### Records to use
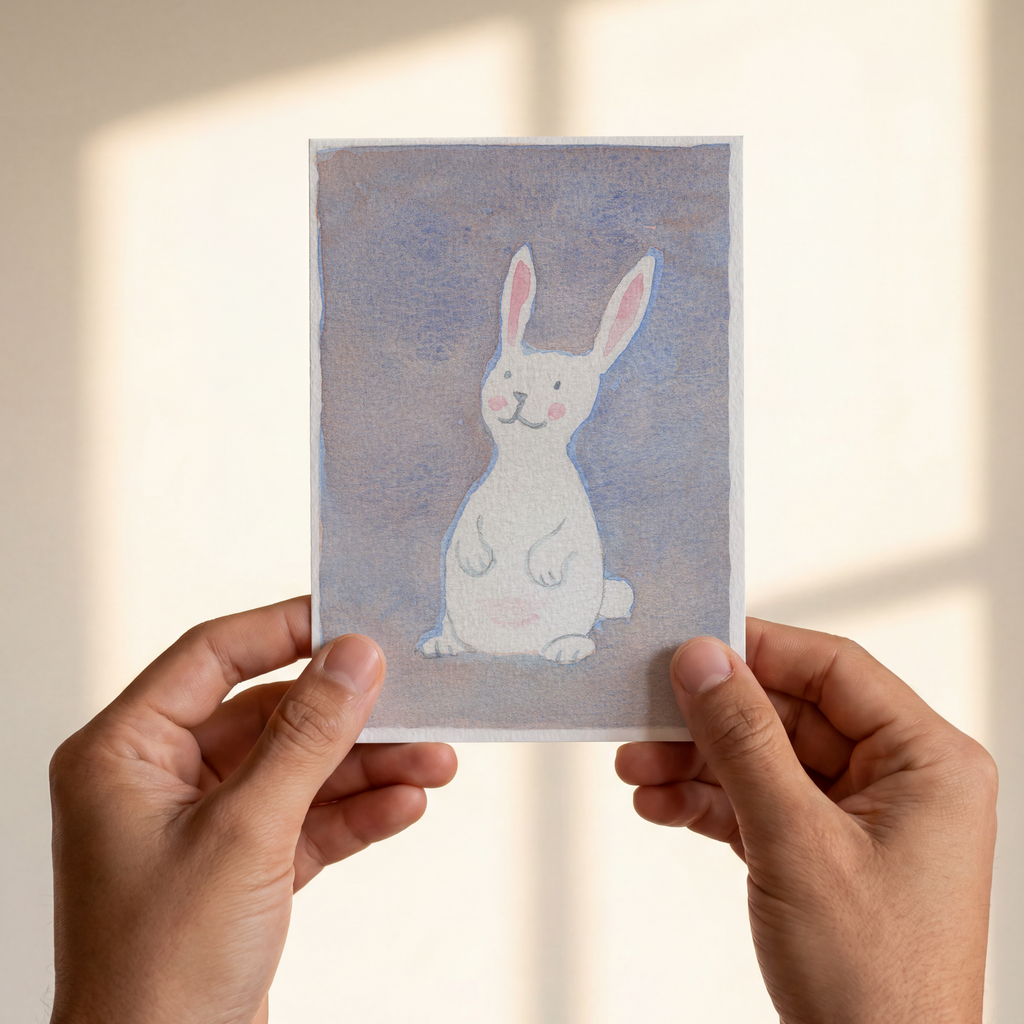 kaart, greetingcard, met lief konijn, studio springer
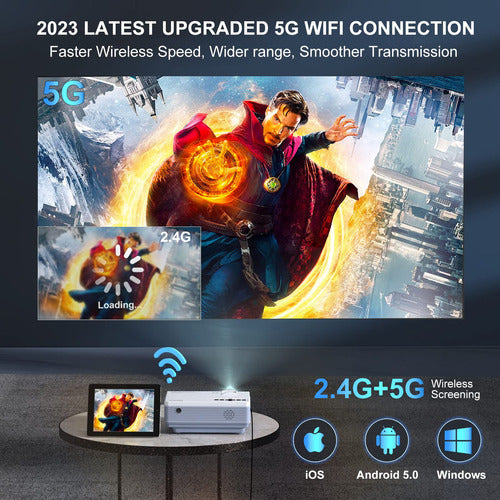 Proyector Wifi 5g 1080p 10000 Lúmenes Para Cine En Casa 1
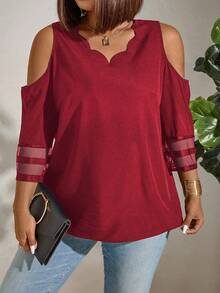 Plus Size Women Sheer Shoulder Casual Versatile Daily Wear Blouse - Red - View 4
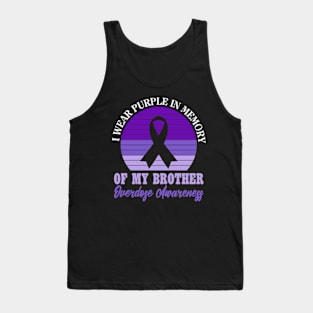 I Wear Purple In Memory Of My Brother Overdose Awareness Tank Top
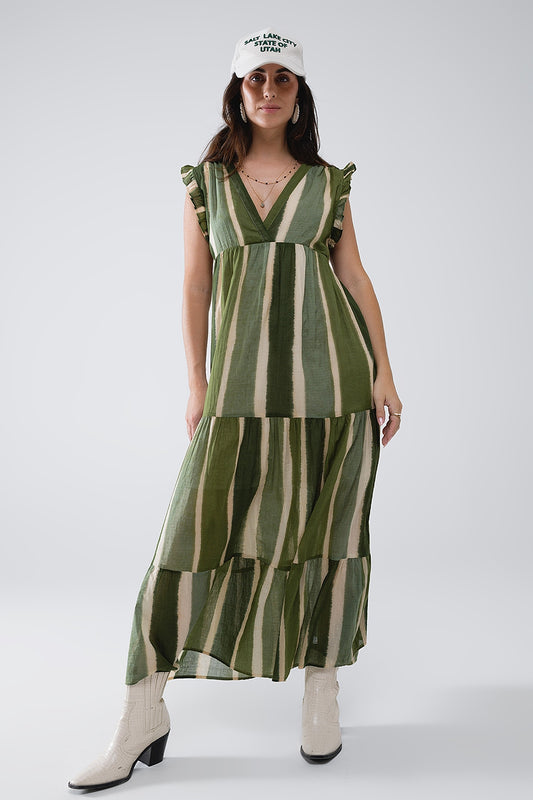 Q2 Maxi abito con scollo a V e gonna a balze in verde a righe tie-dye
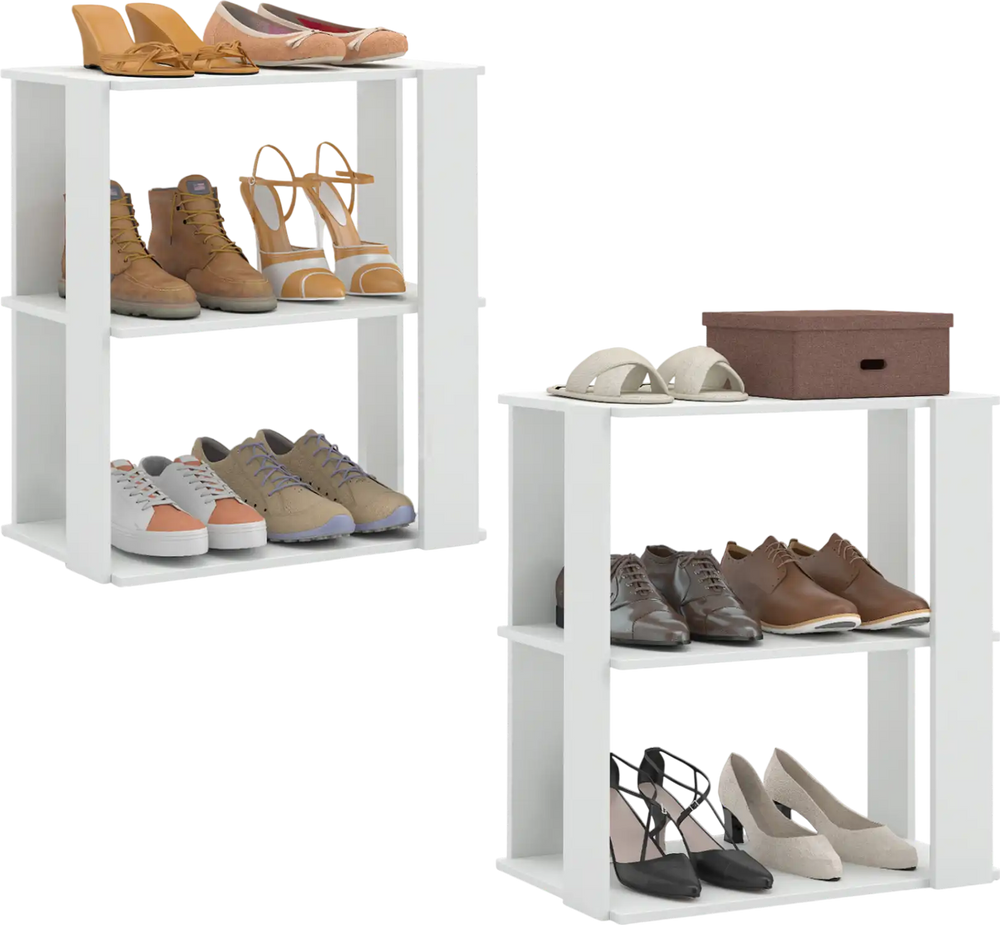 3-tier white shoe rack set of 2, stackable design with spacious tiers for organized shoe storage and stability.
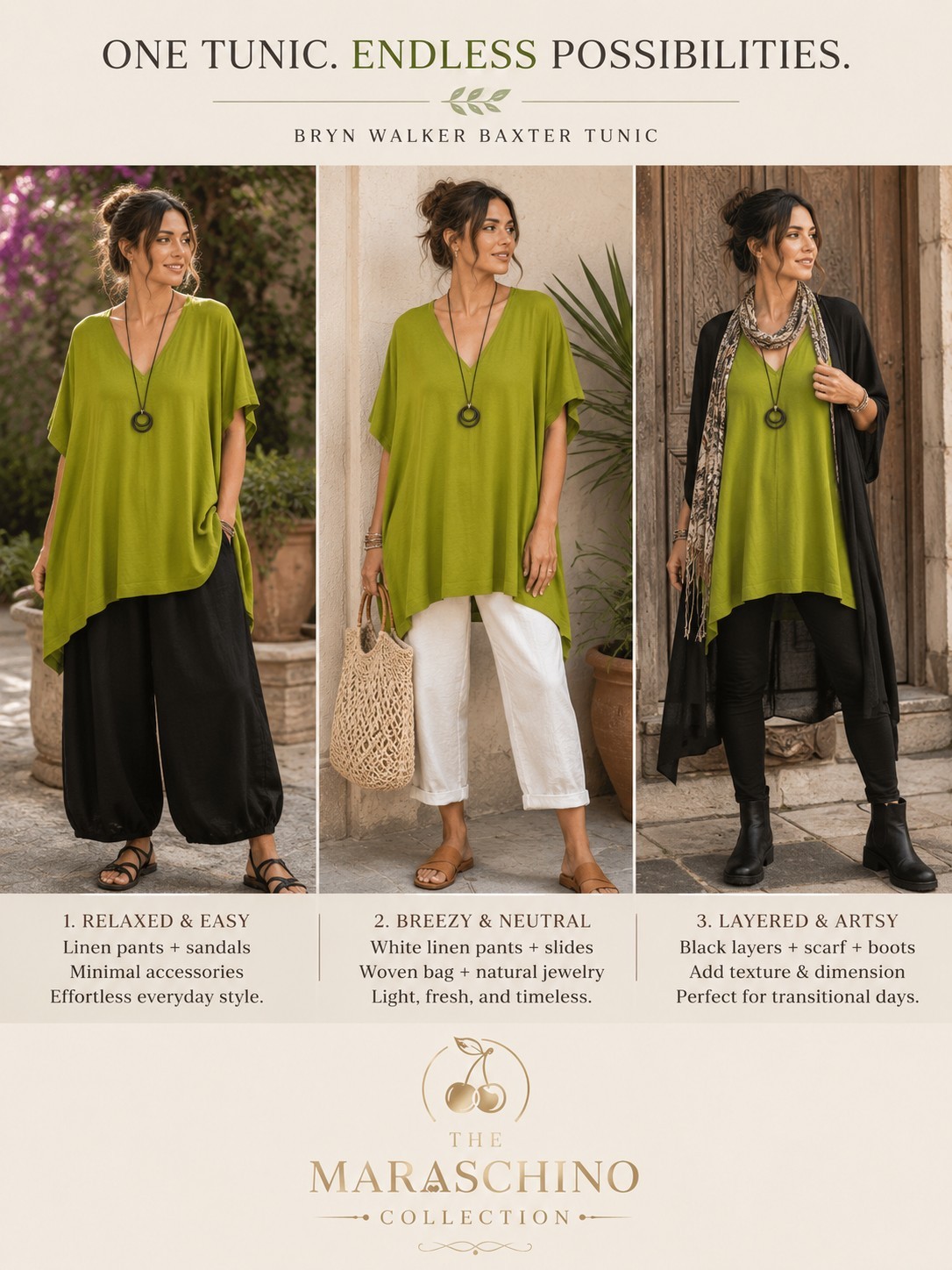 Bryn Walker Baxter Tunic Top Lagenlook Bamboo Organic Cotton Green Oversized M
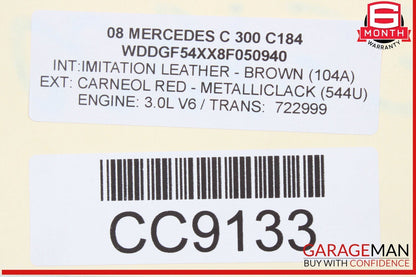 08-11 Mercedes W204 C300 3.0L V6 RWD Engine Motor Block Assembly 154k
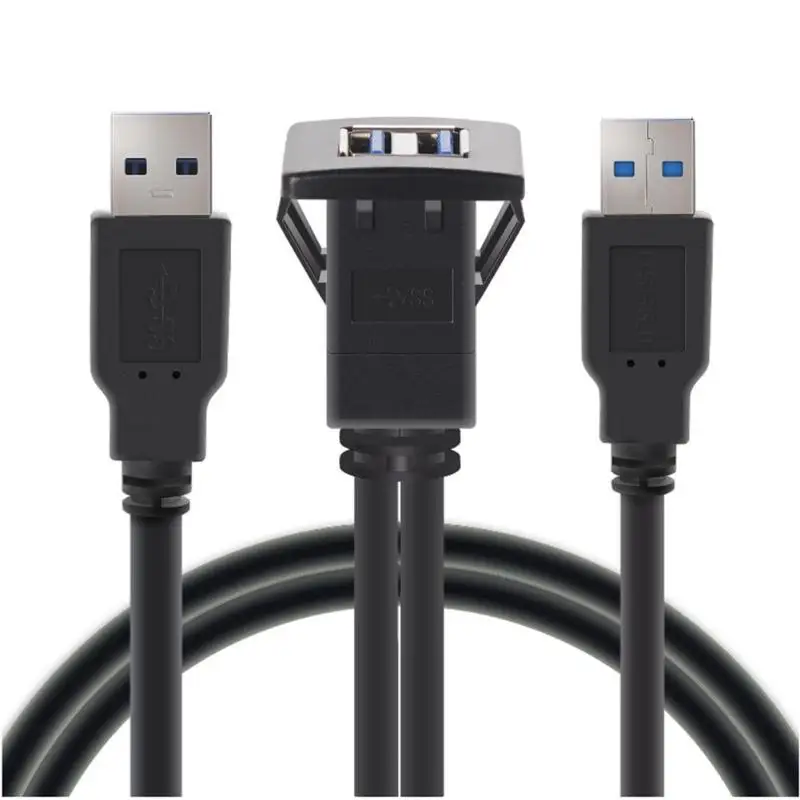 

VODOOL 1m/3.3ft USB Socket Extension Cable Dual USB3.0 A Male to USB3.0 A Female Car Mount Extension Cable for Motorcycle Boat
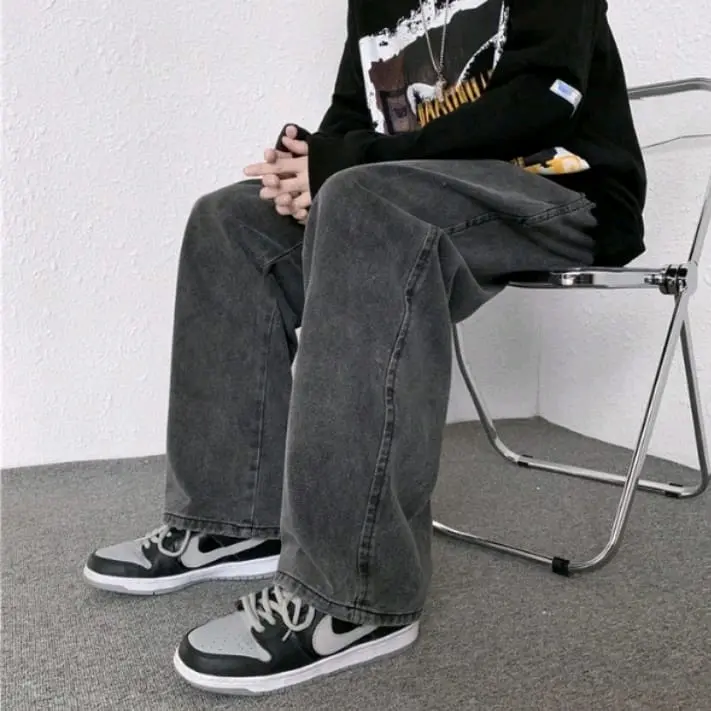 Celana jeans pria baggy pant korea style oversize loose black jeans starlight kulot loose Panjang Denim Hitam Fit Nyaman Cowok Straight Slim Slimfit Skinny Stretch Casual Wine Melar Keren Waist Wisker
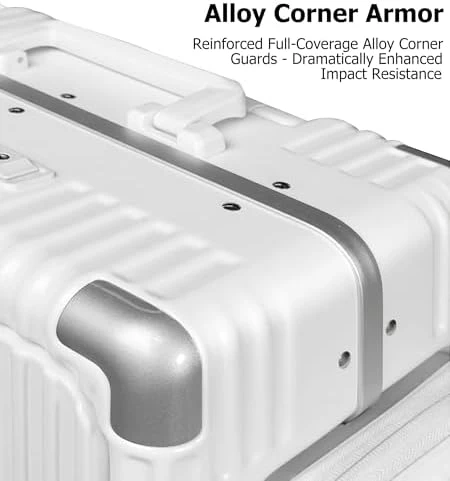 Aluminum Frame PC Carry On Luggage with Tri-Zone Access, Hard Shell, Brake Wheels, Cup Holder, Phone Holder, TSA... — Smart Luggage, feilario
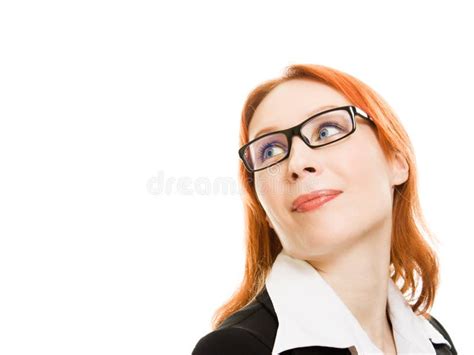 Attractive Red Haired Business Woman In Glasses Stock Image Image Of Businessperson Haired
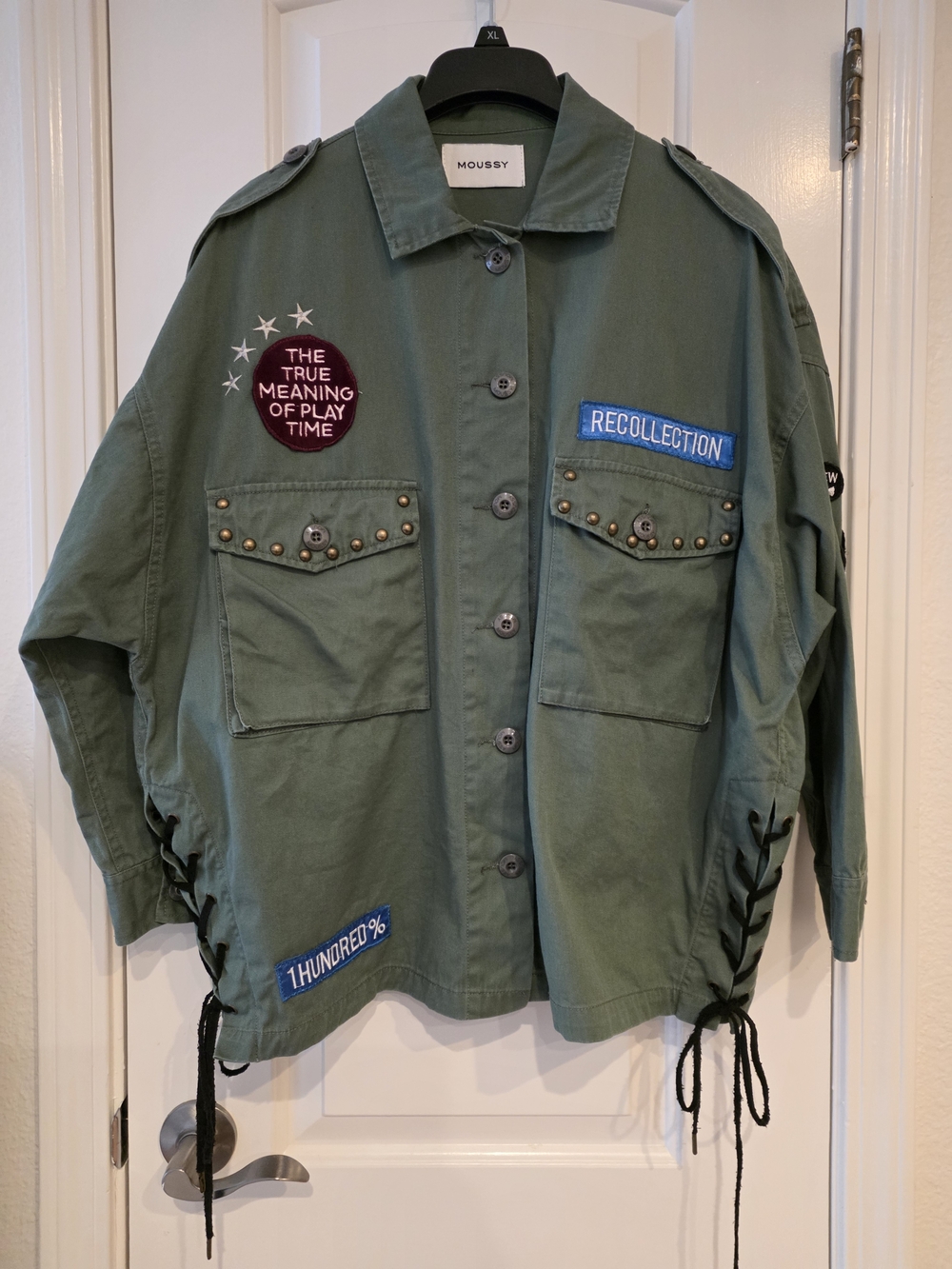 Moussy Olive Green Patch Utility Jacket One Size.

### Aim of the task
Your answer must be the exact lines from the one containing "08-11 Mercedes W204" through the last line of the records above, with both included and no pictures.

### Answer to this problem
 08-11 Mercedes W204 C300 3.0L V6 RWD Engine Motor Block Assembly 154k

VODOOL 1m/3.3ft USB Socket Extension Cable Dual USB3.0 A Male to USB3.0 A Female Car Mount Extension Cable for Motorcycle Boat
 Celana jeans pria baggy pant korea style oversize loose black jeans starlight kulot loose Panjang Denim Hitam Fit Nyaman Cowok Straight Slim Slimfit Skinny Stretch Casual Wine Melar Keren Waist Wisker
 Aluminum Frame PC Carry On Luggage with Tri-Zone Access, Hard Shell, Brake Wheels, Cup Holder, Phone Holder, TSA... — Smart Luggage, feilario
 Attractive Red Haired Business Woman In Glasses Stock Image Image Of Businessperson Haired
 Moussy Olive Green Patch Utility Jacket One Size.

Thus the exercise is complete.